Dr. Marie Danforth, professor of anthropology, was recently named The University of Southern Mississippi’s “Teacher of the Year” by the Mississippi Humanities Council.
On Monday, Nov. 19 Danforth will present her award-winning research entitled, "La Fin Du Voyage: Bioarchaeology, History and the French Colonial Experience." The lecture will be held in the Liberal Arts Building’s Gonzales Auditorium (room 108) at 5 p.m.
The Mississippi Humanities Council (MHC) is a private nonprofit corporation funded by Congress through the National Endowment for the Humanities. MHC sponsors, supports and conducts a wide range of programs designed to promote understanding of our cultural heritage, interpret our own experience, foster critical thinking, encourage reasonable public discourse, strengthen our sense of community, thus empowering Mississippi's people with a vision for the future.
As one of the country’s leading bioarchaeologists, Danforth will discuss her excavations of two 18thcentury sites. One of the sites, located in Biloxi, served as a staging area for immigrants brought to settle the Gulf Coast. The other, at Fort Michilimackinac in Michigan, reflected a more diverse population of French and Native American fur traders and soldiers.
“We are using information gained from the skeleton, which arguably provides an unbiased record of an individual's dietary, health and activity patterns, which can then be compared with what is described in the historic archives,” Danforth said.
A member of the Southern Miss faculty since 1987, Dr. Danforth was chosen for her ability to engage and challenge her students, whether in a large lecture hall or in one-on-one mentoring. Her students describe her as demanding, but caring and always happy to help them as they prepare for a world beyond their university education.

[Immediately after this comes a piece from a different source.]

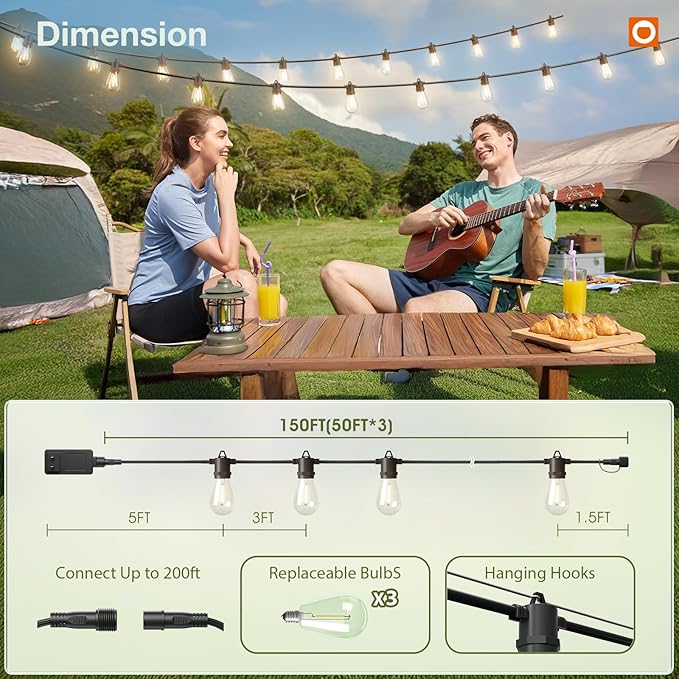 addlon 150FT LED Outdoor String Lights - Image 6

“We could not be more pleased for Dr. Danforth in being named Mississippi Humanities Council’s Teacher of the Year,” said Dr. Steven Moser, Dean of the College of Arts and Letters. “Her enthusiasm for developing the connections between the humanities and natural sciences for her students is unmatched and they credit Dr. Danforth for making these academically challenging courses interesting and exciting."
In addition to having her work recognized by the university with a reception, Dr. Danforth was awarded a $500 honorarium, and she will also be honored in March at a ceremony in Jackson alongside other award recipients from across the state.
Dr. Amy Miller, chair of the Department of Anthropology and Sociology, also praised Danforth’s achievements and contributions. “We’re very lucky to have Dr. Danforth at the university, and I invite and encourage members of the community to attend her lecture, which will be enlightening and entertaining.”